WHAT TO WORK ON: After locating the line that bears "Needle Minder –", restate word for word that line and the rest of the listing to its final line, excluding all pictures.

DATA SEGMENT:
+--

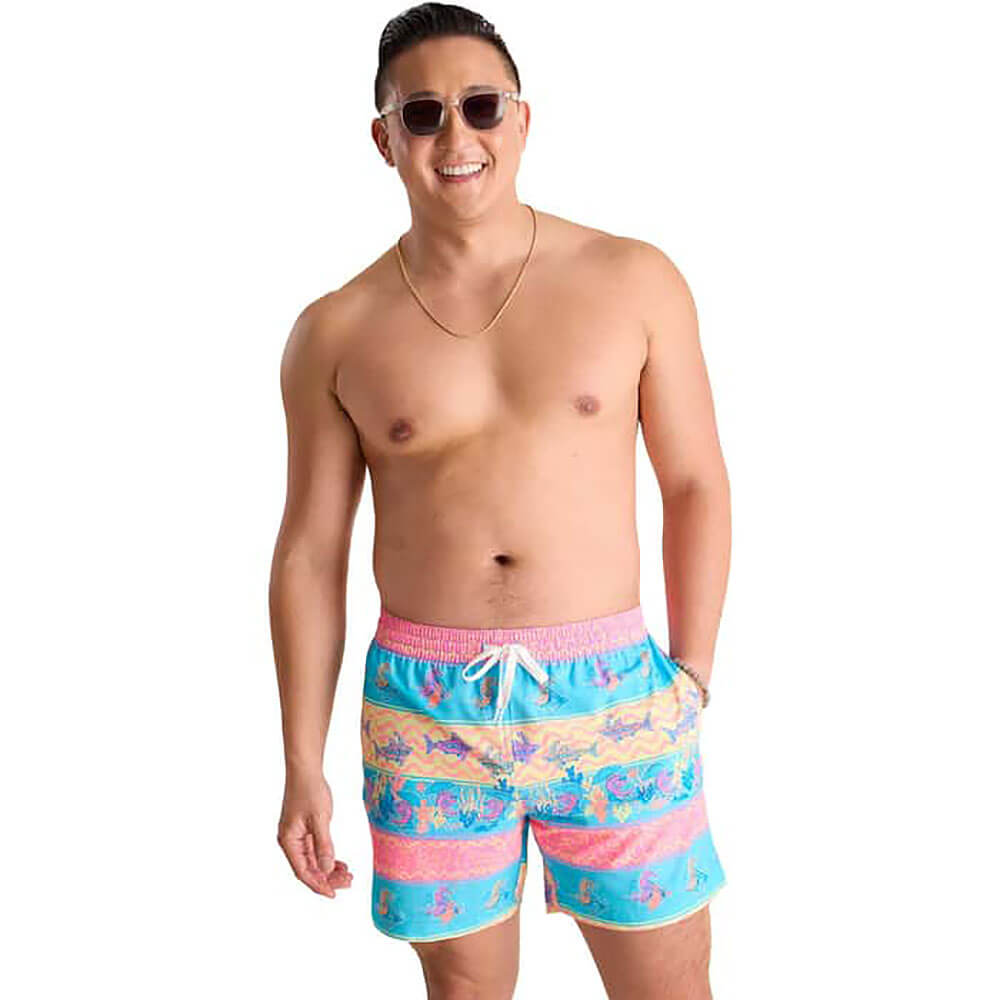 Chubbies 5.5 Inch The Rodeo Stingray Swim Trunks for Men - Bright Blue Quick-Dry Beach Shorts | Perfect for Swimming, Surfing & Summer Vacations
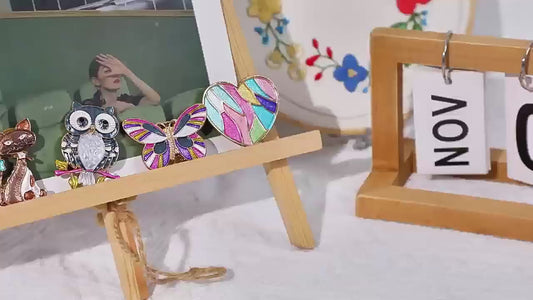Needle Minder – Animal-Shaped Magnetic Brooch & Needle Holder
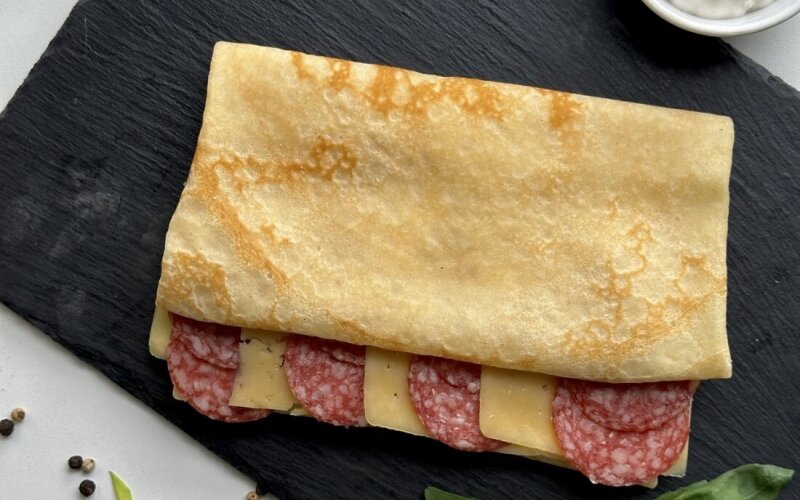 Блинчик с салями и сыром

+--

ANSWER BOX:
Needle Minder – Animal-Shaped Magnetic Brooch & Needle Holder
 Блинчик с салями и сыром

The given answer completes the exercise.